From the National Review, John Derbyshire's grotesque attempt to shrug off the looting of the Iraqi National Museum.

My response:

I'm astonished that anyone would go this far to trivialize the looting, not to mention the wanton destruction of ancient treasures in a transparent attempt to justify the coalition's decision to stay out of the picture.

The essence of Derbyshire's argument: Those treasures didn't belong to Iraq anyway. Well, even if they didn't, that doesn't excuse the coalition's distinct lack of a plan to defend these priceless treasures, especially since the armed forces had already executed an elaborate plan to safeguard Iraqi oil. In fact, if these items belong not to Iraq but to mankind, as he infers, then wouldn't that have allowed, even necessitated that they be properly protected? But Derbyshire shrugs off the loss and writes that eventually these "objects will find their way to institutions here in the West." Well, ignoring the inherent arrogance of that statement (which Derbyshire tries to preemptively defend by including Australia and Japan in "the West"--gee, thanks, I'm an Aussie), even if many of the stolen items are recovered and protected by the benevolent West, those items that were smashed to smithereens for kicks, those aren't going to be recovered are they? No, in order to maintain his teetering thesis, Derbyshire has to overlook these details.
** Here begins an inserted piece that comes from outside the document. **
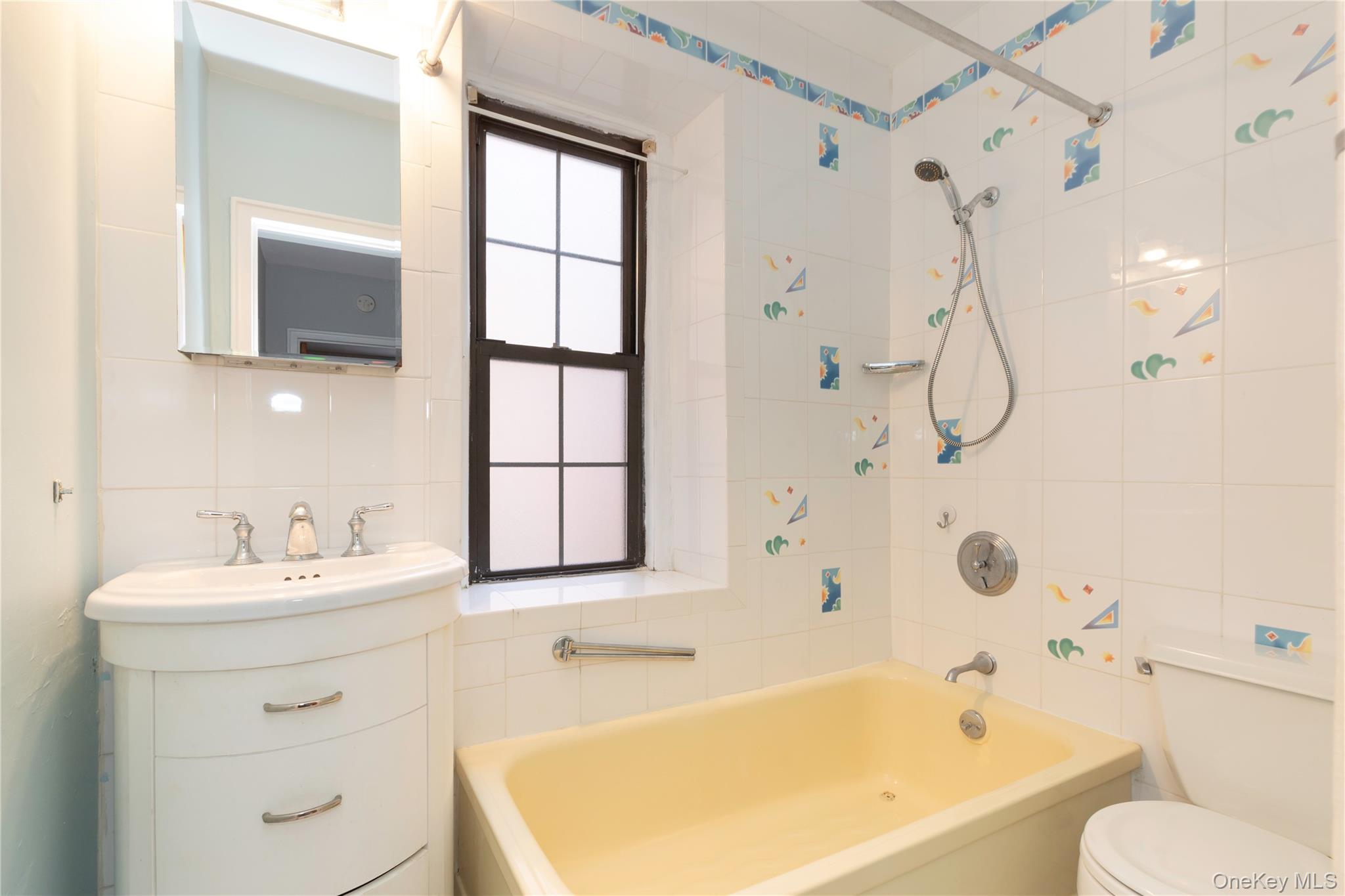 188 Garth Road # 1W, Scarsdale, NY 10583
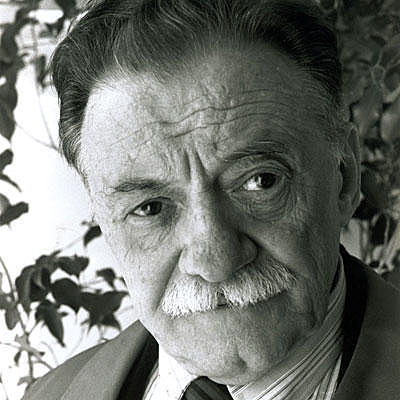 ESCRIBIO UN LIBRO SOBRE EL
He has to in order to accomplish his true intent: to deflect attention from the military's profound dearth of helpful intervention.

I suppose when you're incapable of thinking outside of party lines, these are the sort of rhetorical calisthenics you have to indulge in. Consequently, Derbyshire's "optimistic take" on things was bound to be a blindered defense that desperately stretches the facts in an effort to excuse the crass values of this neo-imperialist excursion.

The fact that he has the chutzpah to try to twist lemons into lemonade in this instance is saddening.